### Brief
Would you print the lines below exactly, beginning at the line that has "第149话 出动 第8页" and stopping after the line that has "NEET परीक्षा अगले"? Only those lines, and no pictures.

### Source data
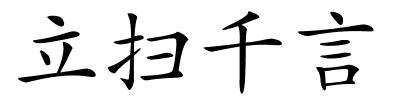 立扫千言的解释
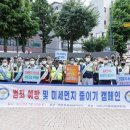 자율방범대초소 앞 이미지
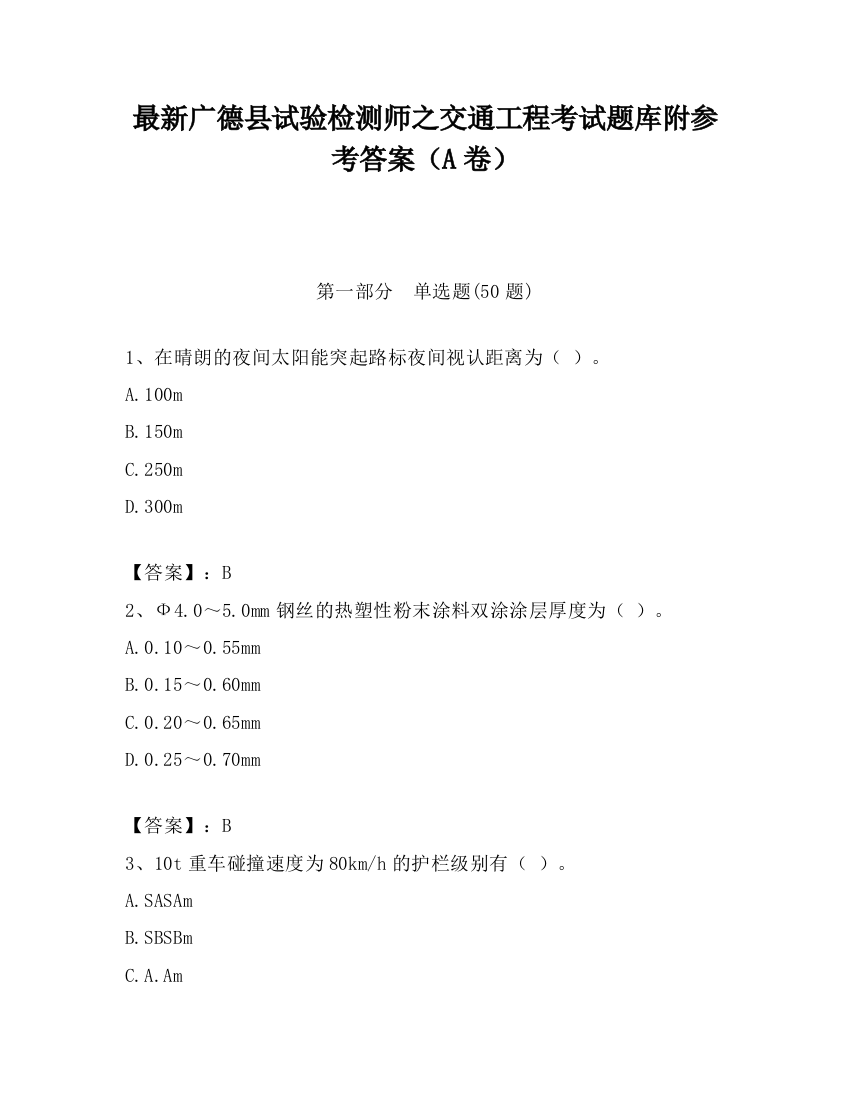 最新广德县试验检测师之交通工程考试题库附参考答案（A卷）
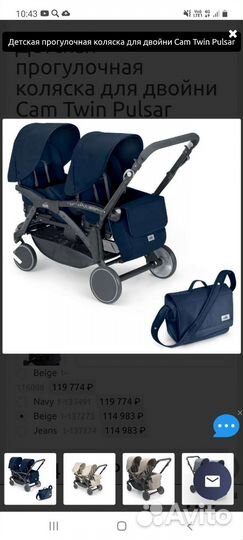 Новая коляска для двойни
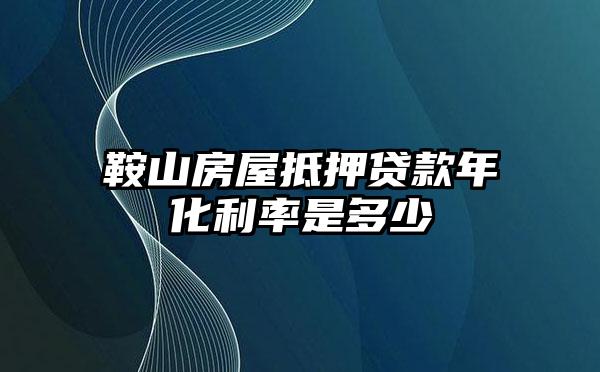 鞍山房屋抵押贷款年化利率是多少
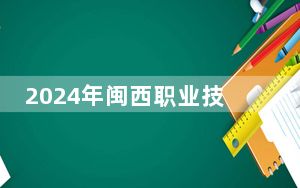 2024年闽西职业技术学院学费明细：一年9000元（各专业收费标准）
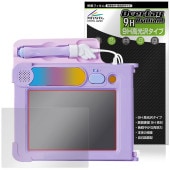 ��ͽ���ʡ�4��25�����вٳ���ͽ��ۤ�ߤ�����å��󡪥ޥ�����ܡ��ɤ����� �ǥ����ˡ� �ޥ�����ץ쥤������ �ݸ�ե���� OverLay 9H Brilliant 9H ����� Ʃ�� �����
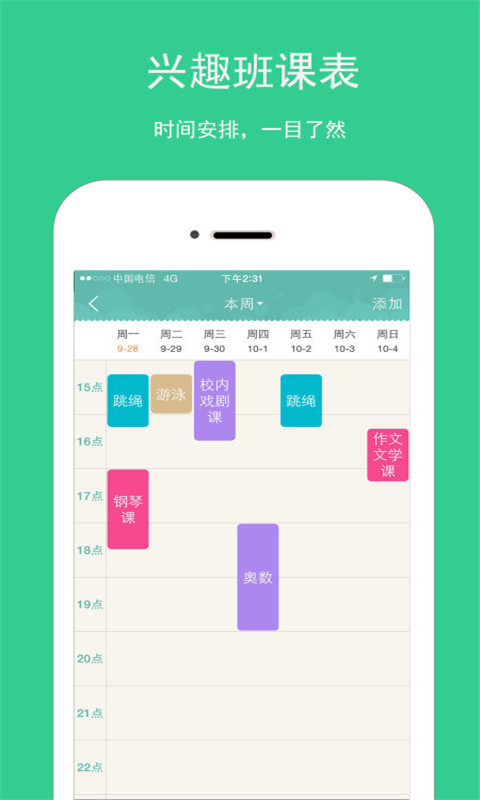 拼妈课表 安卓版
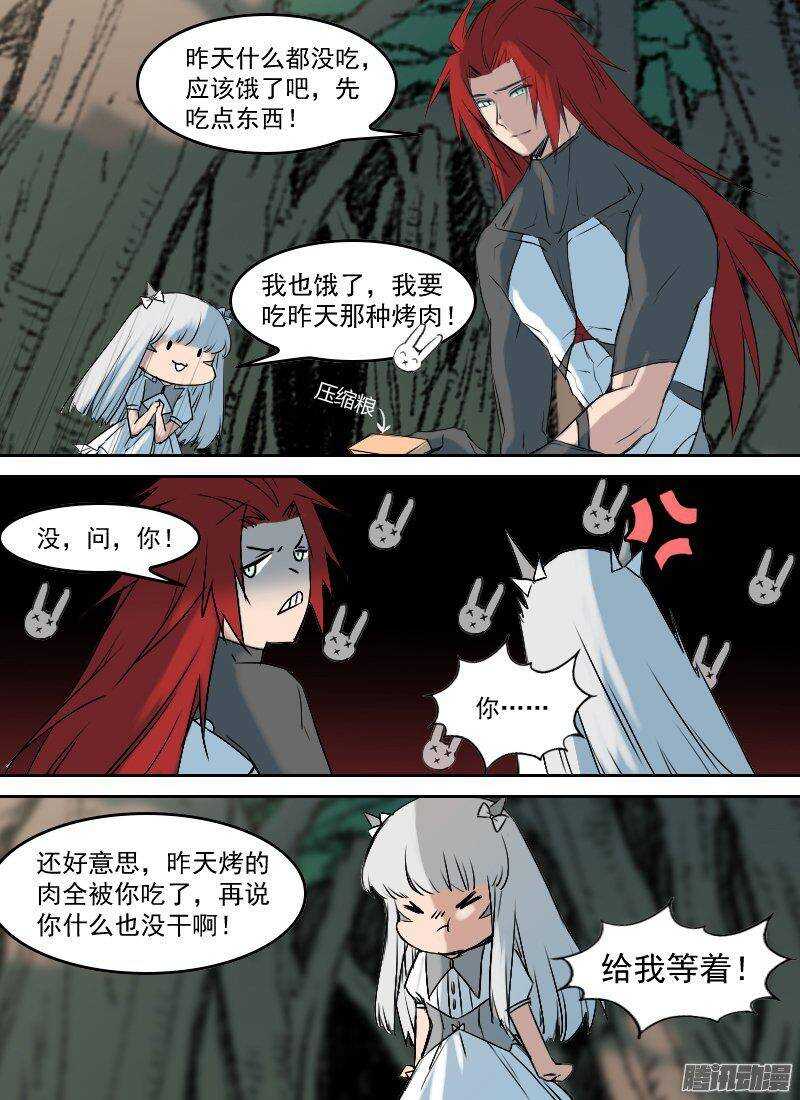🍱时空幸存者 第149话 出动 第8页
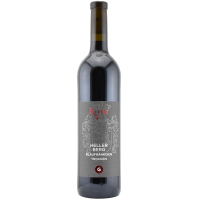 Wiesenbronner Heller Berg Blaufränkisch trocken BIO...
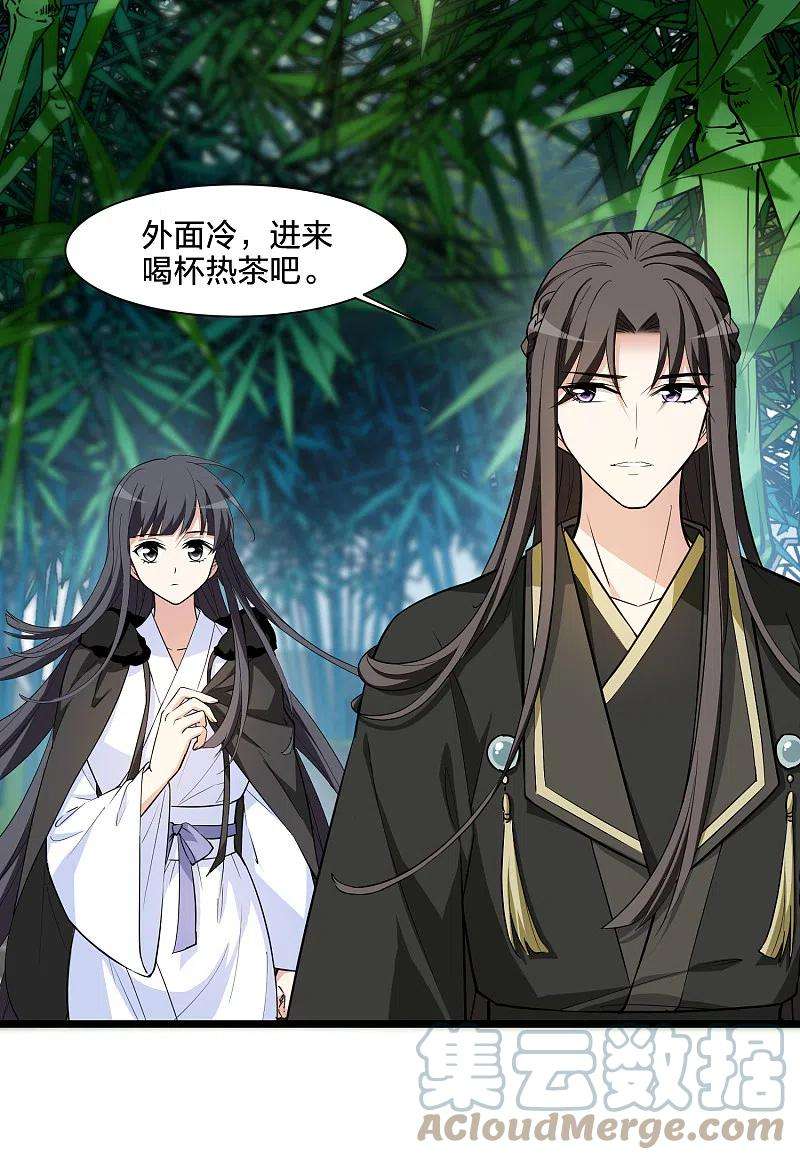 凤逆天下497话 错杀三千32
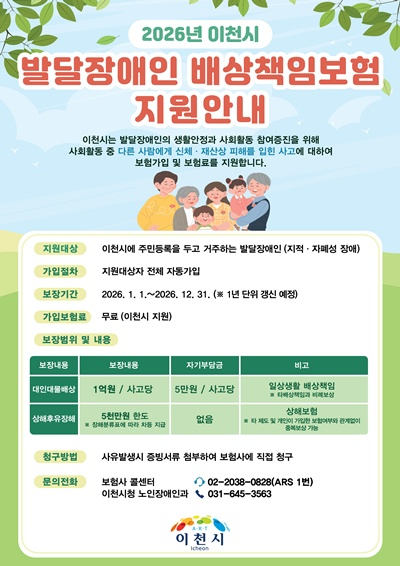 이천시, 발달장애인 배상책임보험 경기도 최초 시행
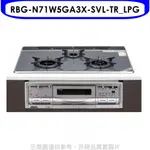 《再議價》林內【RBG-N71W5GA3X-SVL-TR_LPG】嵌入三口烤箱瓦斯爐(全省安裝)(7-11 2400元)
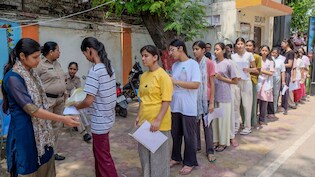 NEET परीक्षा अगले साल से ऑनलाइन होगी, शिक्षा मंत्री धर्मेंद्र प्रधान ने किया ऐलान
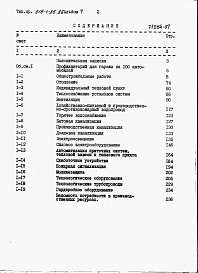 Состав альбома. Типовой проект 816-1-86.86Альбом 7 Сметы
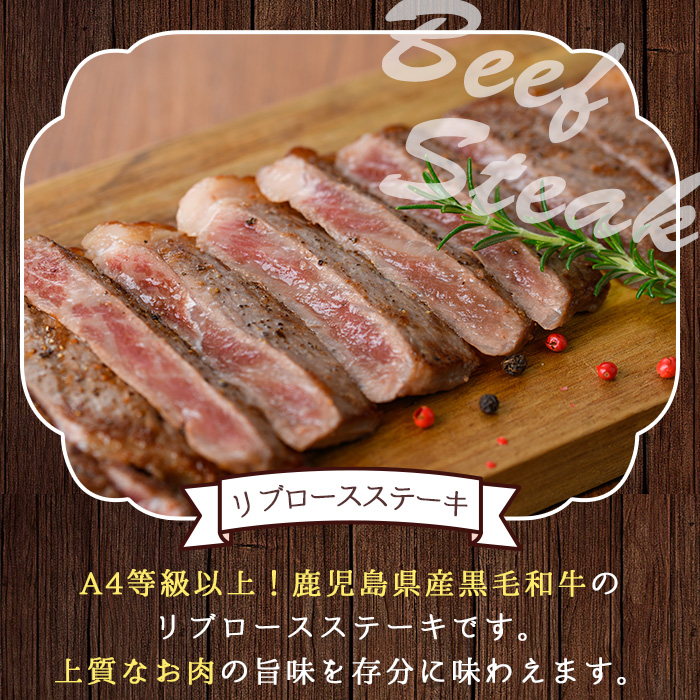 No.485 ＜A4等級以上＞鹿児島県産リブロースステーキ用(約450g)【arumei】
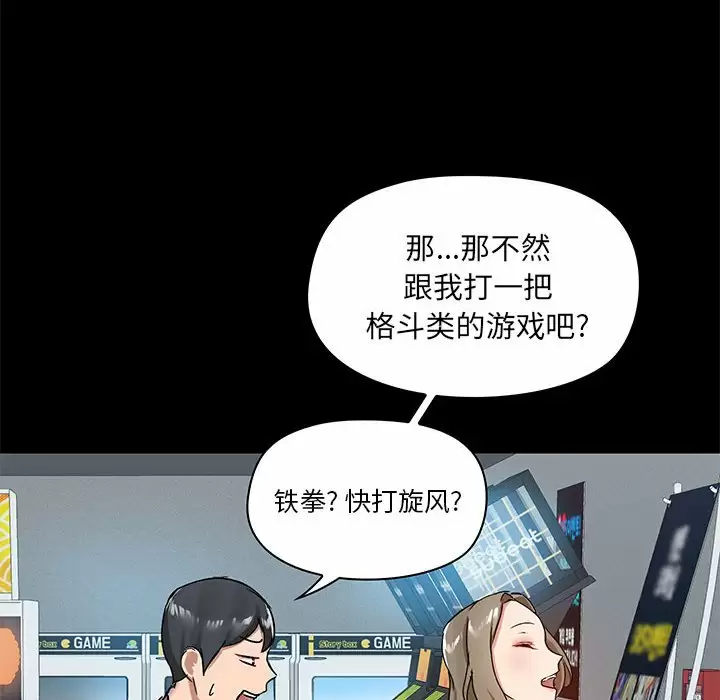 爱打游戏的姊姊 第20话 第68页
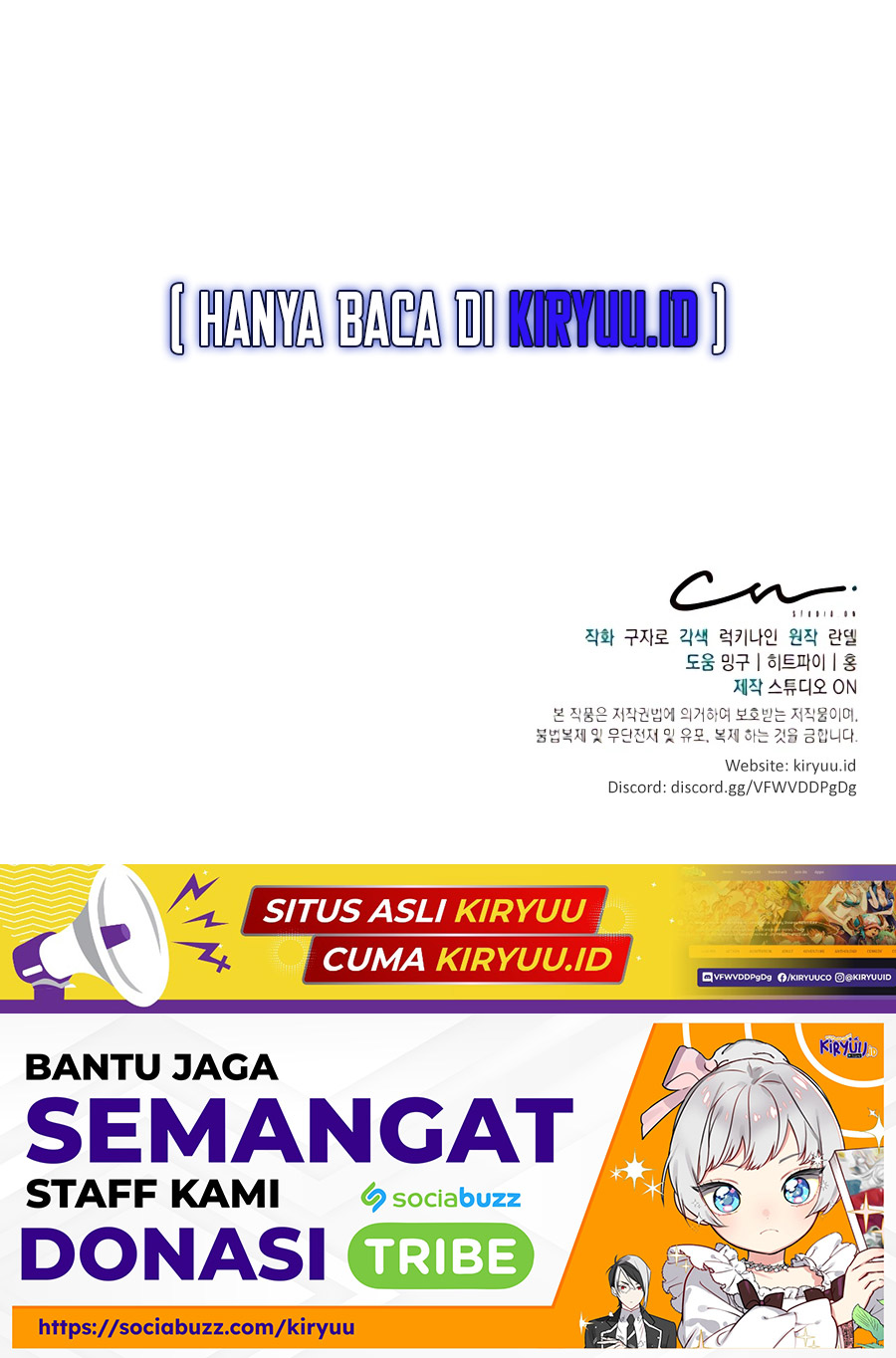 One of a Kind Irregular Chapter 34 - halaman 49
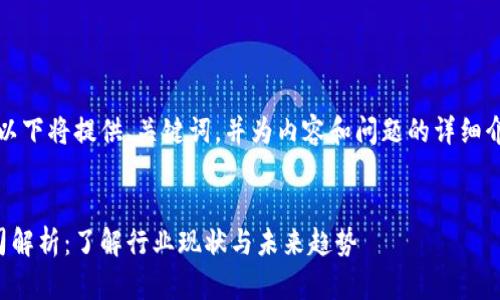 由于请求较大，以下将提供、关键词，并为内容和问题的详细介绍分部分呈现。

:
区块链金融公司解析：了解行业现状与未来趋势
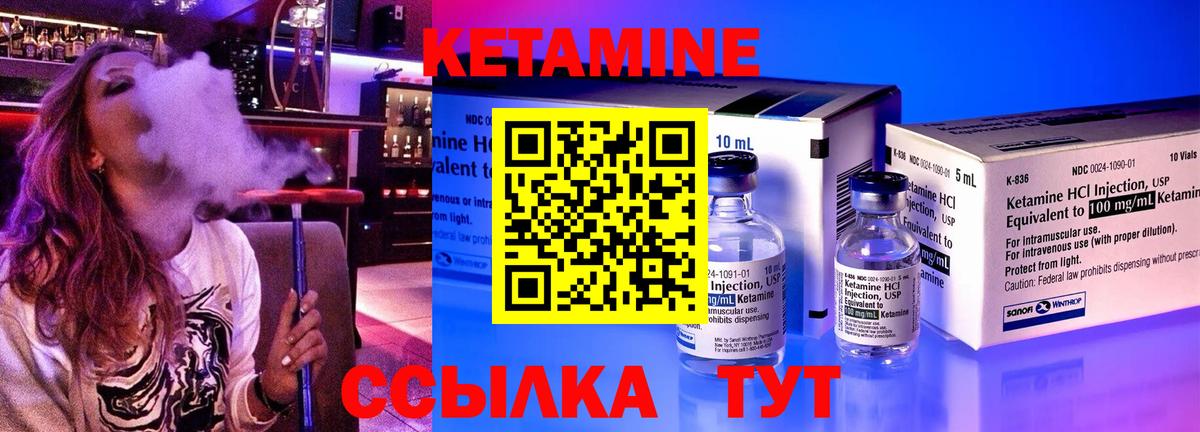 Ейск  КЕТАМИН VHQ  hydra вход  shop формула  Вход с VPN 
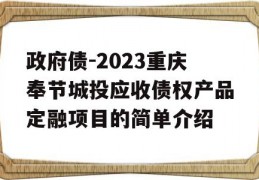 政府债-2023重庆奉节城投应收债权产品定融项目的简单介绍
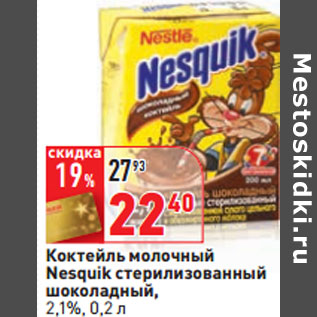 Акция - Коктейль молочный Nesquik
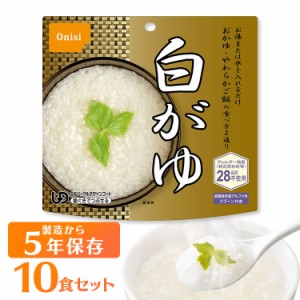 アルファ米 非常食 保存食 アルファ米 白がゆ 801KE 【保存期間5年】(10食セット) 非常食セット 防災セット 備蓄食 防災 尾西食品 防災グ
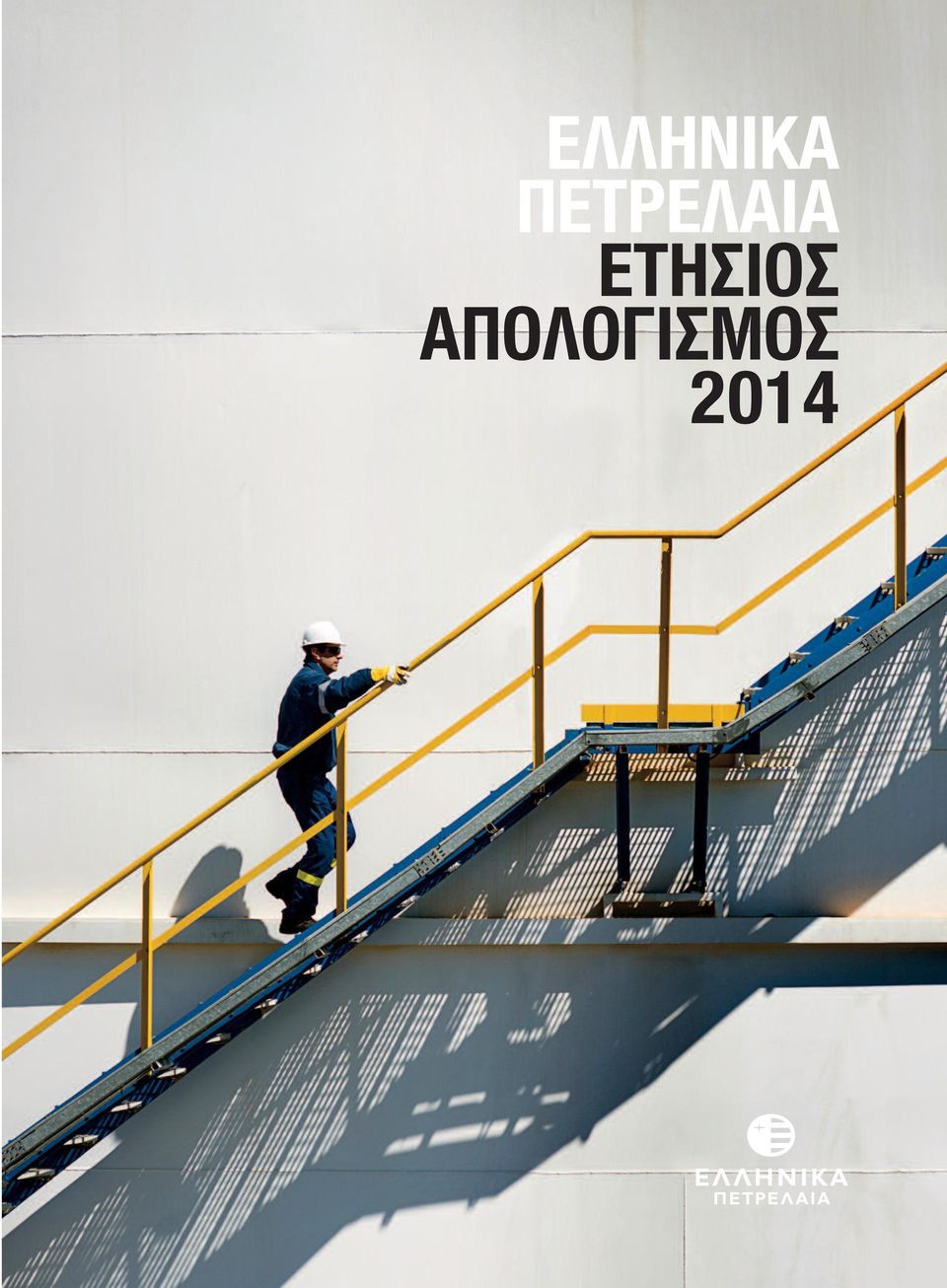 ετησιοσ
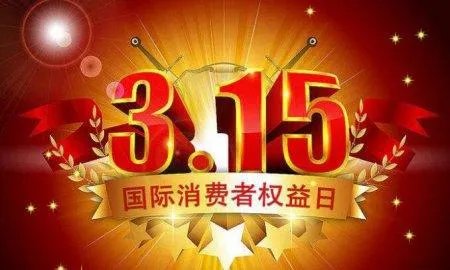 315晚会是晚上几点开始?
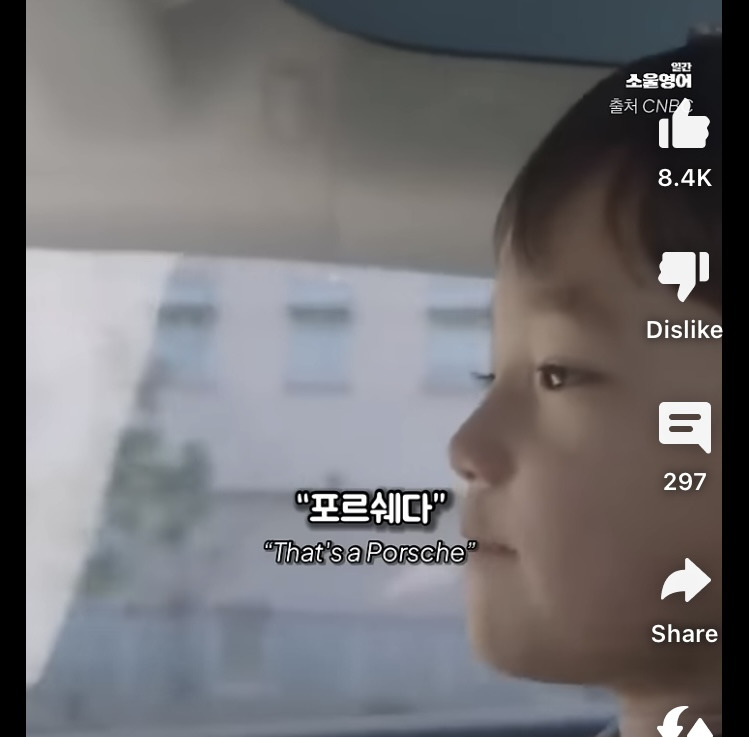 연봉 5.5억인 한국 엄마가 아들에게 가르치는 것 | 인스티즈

### Completed task
🍱时空幸存者 第149话 出动 第8页
 Wiesenbronner Heller Berg Blaufränkisch trocken BIO...
 凤逆天下497话 错杀三千32
 이천시, 발달장애인 배상책임보험 경기도 최초 시행
 《再議價》林內【RBG-N71W5GA3X-SVL-TR_LPG】嵌入三口烤箱瓦斯爐(全省安裝)(7-11 2400元)
 NEET परीक्षा अगले साल से ऑनलाइन होगी, शिक्षा मंत्री धर्मेंद्र प्रधान ने किया ऐलान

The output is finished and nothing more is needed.